◆ **Activity**
Quote exactly and only this range of lines in the data below: the line that holds "Trendyol Lila Printed" to the line that holds "True Custom Skates Size 5.5-6 Tuuk", both included.

◆ **Records for the task**
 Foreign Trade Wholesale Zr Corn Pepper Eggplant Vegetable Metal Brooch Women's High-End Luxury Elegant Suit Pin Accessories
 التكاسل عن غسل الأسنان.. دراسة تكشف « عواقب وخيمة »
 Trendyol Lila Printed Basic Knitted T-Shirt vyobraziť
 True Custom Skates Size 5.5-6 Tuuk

==

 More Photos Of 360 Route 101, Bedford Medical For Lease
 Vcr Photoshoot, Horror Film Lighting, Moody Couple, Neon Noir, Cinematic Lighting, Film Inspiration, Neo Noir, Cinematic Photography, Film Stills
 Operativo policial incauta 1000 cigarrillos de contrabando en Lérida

◆ **Answer for this exercise**
 Trendyol Lila Printed Basic Knitted T-Shirt vyobraziť
 True Custom Skates Size 5.5-6 Tuuk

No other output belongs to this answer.